[Provided data Boundary: Start]

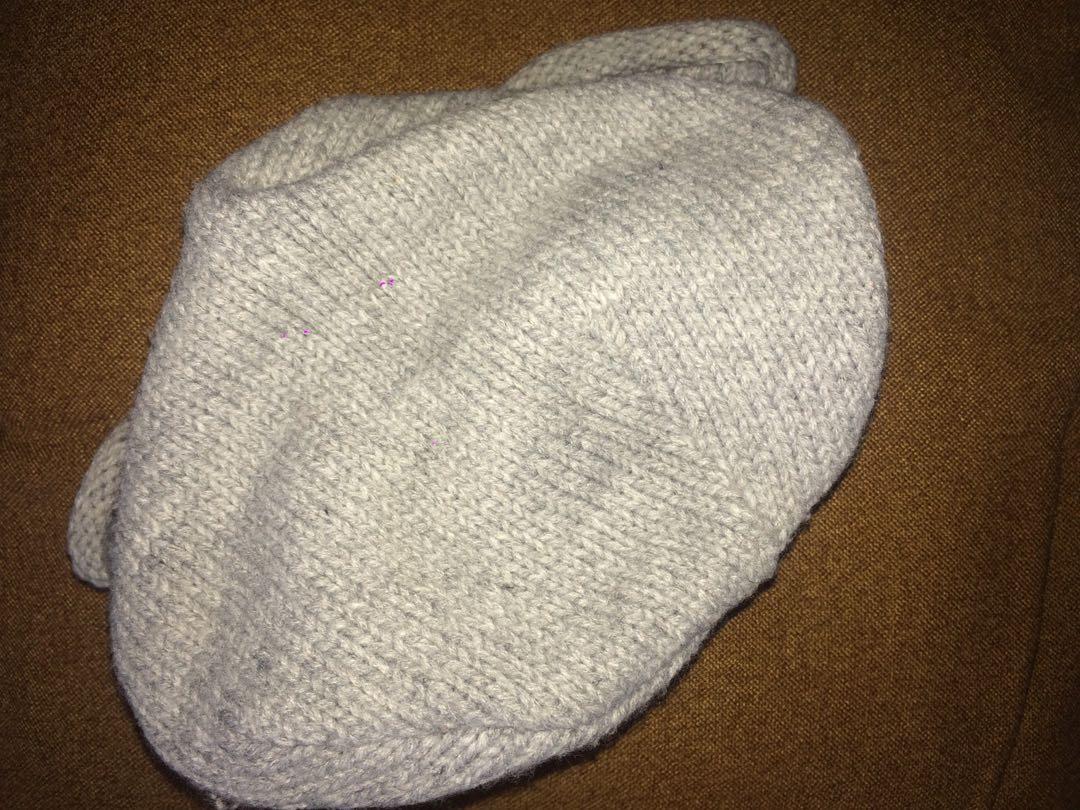 Grey Beanie (Category: Hats & Beanies) located in Makati City. Submitted by _preelooved_ (Listing ID 262631565, Image 3). Description: Grey Beanie/Hat Used a few Times .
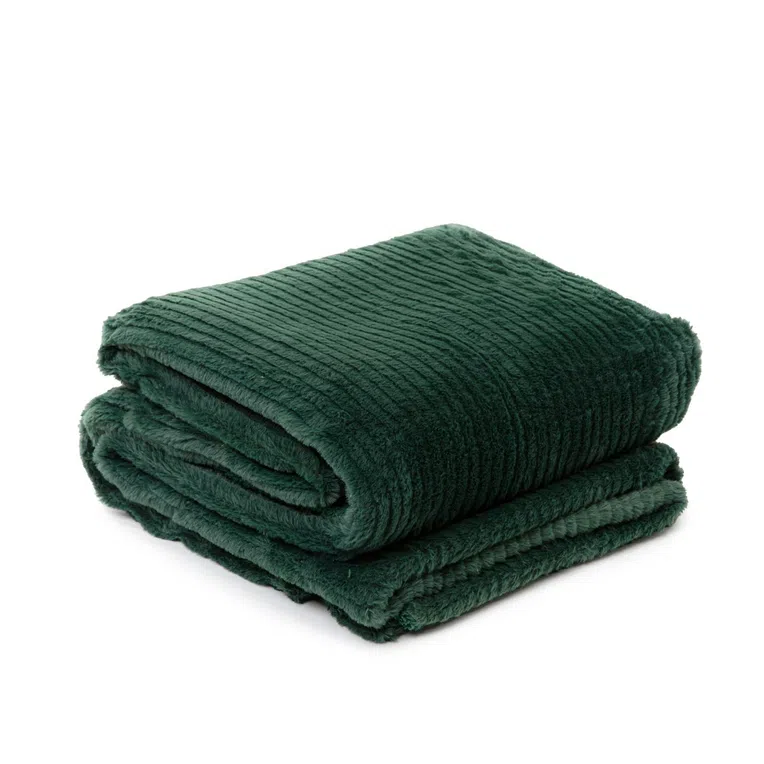 Koc FLEN z szerpą zielony 150x200 cm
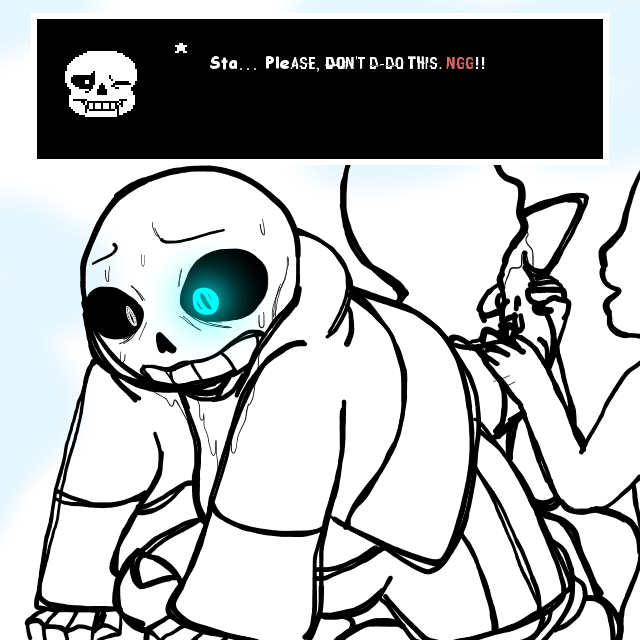 drooling male_only sans sweating tail tail_licking tail_sex undertale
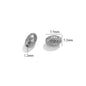Stainless Steel Round Metal Beads Color Retaining Hammer Texture 20pcs 9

[Provided data Boundary: End]

[Task to carry out]: The full listing must come back exactly as written, with its pictures left out.

[Answer]:
 Grey Beanie (Category: Hats & Beanies) located in Makati City. Submitted by _preelooved_ (Listing ID 262631565, Image 3). Description: Grey Beanie/Hat Used a few Times .
 Koc FLEN z szerpą zielony 150x200 cm
 drooling male_only sans sweating tail tail_licking tail_sex undertale
Stainless Steel Round Metal Beads Color Retaining Hammer Texture 20pcs 9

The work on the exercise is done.